Rendre le changement de sexe à l’état civil moins laborieux
Certes, cette proposition de loi n’est pas encore prête à franchir l’hémicycle du Sénat, mais elle signe une avancée majeure dans le droit des personnes trans. Si ce texte venait à passer, les personnes trans pourraient changer de sexe à l’état civil sans devoir s’aventurer dans un casse-tête juridique. Elles auraient la possibilité de le faire à travers une simple demande en mairie grâce à « une déclaration remise à un officier de l’État ».
Ainsi, nul besoin d’attrouper plusieurs pièces justificatives ou de fournir un avis médical pour prétendre à cette modification. La démarche est similaire dans le cas d’un changement de prénom.
« Personne ne demande aux personnes cisgenres de prouver qui elles sont. Les personnes trans ne méritent simplement pas moins », soutient Mélanie Vogel, qui a par ailleurs joué un rôle actif dans l’inscription de l’IVG dans la Constitution
Loin d’être superficielle, cette proposition de loi entend donner plus de liberté et de dignité aux personnes trans. Encore aujourd’hui, elles peuvent arriver avec un dossier minutieusement construit et se voir rejeter leur demande, pour des raisons qui leur échappent bien souvent. Comme le souligne la principale nourricière de ce texte, la procédure est « longue, coûteuse et complexe ». D’où l’urgence de revoir la copie de fond en comble. Le changement de sexe à l’état civil n’est pas censé être un poids, mais plutôt une délivrance, un soulagement.

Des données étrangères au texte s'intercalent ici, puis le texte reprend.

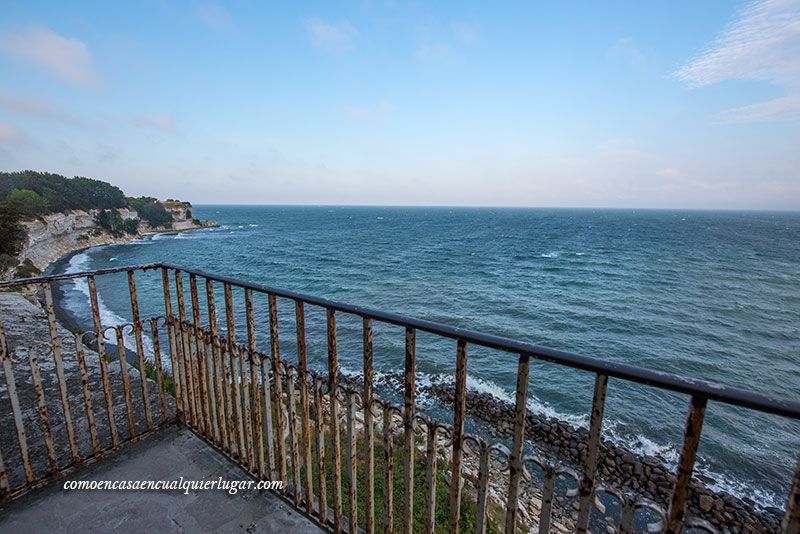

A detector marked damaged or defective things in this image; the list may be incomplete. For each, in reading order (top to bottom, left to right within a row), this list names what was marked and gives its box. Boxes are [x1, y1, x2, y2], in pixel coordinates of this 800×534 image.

En parallèle, la droite veut saper les droits des personnes trans
Si cette proposition de loi sur le changement de sexe à l’État civil présage un revirement positif, elle risque de s’insérer difficilement dans les débats et de se heurter à une droite de plus en plus réactionnaire. D’ailleurs, elle survient dans un contexte politique assez spécial. En effet, elle prend le parti inverse du rapport sur la transidentité des mineurs exposé par la droite sénatoriale à la mi-mars. Celui-ci recommande notamment d’interdire l’administration de bloqueurs de puberté aux mineurs en proie à la « dysphorie de genre », qui induit d’office un mal-être latent.
Ce document massif de 340 pages, qui s’appuie essentiellement sur des données internationales, a fait bondir les associations LGBT+. Rien de très étonnant puisqu’il est chapeauté par Jacqueline Eustache-Brinio, une figure politique controversée qui avait voté contre l’interdiction des thérapies de conversion. Il s’attaque à la prétendue hausse des demandes de changement de sexe chez les mineurs, ces dernières années. Il pourrait donner suite, lui aussi, à une proposition de loi, ce qui annonce un duel d’idées particulièrement musclé dans les rangs du Sénat.
Ce texte qui prévoit de rendre le changement de sexe à l’état civil plus digeste et accessible est salutaire. Cependant, pour l’instant, mieux vaut garder une réserve sur cette proposition de loi qui pourrait se faire recaler en un éclair par la droite montante.